Wednesday, May 18, 2005

T-Bird Rally, Day 2, Feb 20, 2005

Day 2 of the rally was quite a relaxing affair from a co-drivers point of view. Due to the complaints received by the police during the Big White regularity at the end of day 1, this same regularity in reverse was scrapped for the start of day 2. Translation...plenty of time for calcs before the first regularity. In fact, we had so much time that we took a detour on our way to the first reg to go over our 'passing of the salt truck' part of the road in daylight. It was pretty clear in daylight that we had made a somewhat risky manoeuvre. Hindsight is great.

The weather was fantastic on day 2, bright and sunny and we had an awesome view of the lake to start one of the regs. I believe we were first in novice class after day 1 but we made one critical mistake on day 2 that put us into 2nd...

We were approaching an acute right turn and we could see the checkpoint vehicle ahead on the left. Unfortunately we missed the turn so we decided to continue until a safe turnaround spot could be found.
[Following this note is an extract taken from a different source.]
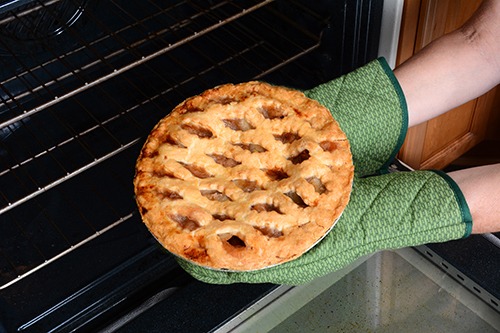 Close up of a pie coming out of an oven being held by a person wearing two green oven mitts.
I figured that we'd passed the checkpoint so our time had been logged. Wrong. The road crested quite frequently and wasn't that wide so by the time we found a nice turnaround and actually headed down the right road, we were way off schedule and our time was logged as we passed the apex of the turn and not the beginning of the turn as I had thought. We were pretty happy with our performance until we got scores for the day. Stephen did an awesome job keeping the car on the road and catching up to where we should have been on the reg.

Other cars weren't so lucky that day. We saw the novice Escort over a bank but they waved us by. We also came upon a safety triangle with a car embedded in the snow at the left turn ahead followed by another safety triangle at the very next turn with a car pointed 180 degress the wrong way in the left snow bank. We had some fishtail action ourselves but Stephen managed to keep everything under control.

The other memory moment of the day was a hairpin left that we had been warned about at the drivers meeting. We were told to take it veeerrrrry slow...less than 20k, 10-15k is even better. What they neglected to mention on the route instructions is that this hairpin left was preceded by an even worse hairpin right that dropped off as you went around it. The hairpin left that we had been warned about could be seen coming since the exposure was on the left too...the hairpin right totally surprised us since it's exposure was on the left too! At the end of the day, I think every other team we talked to had the same experience.

The day finished without any scratches on the car. We ended placing 2nd in novice class and got a little plaque for our efforts. Everyone got toques too on day 1 which I forgot to mention earlier.

One more thing to note, one of the lugnuts got cross-threaded when we were putting the all-seasons back on at the end of the day. Canadian Tire was closed and none of the gas station had any so we ended up driving home with 4 lugnuts on one wheel instead of 5. Everyone said no problem but I think we were both a tad worried.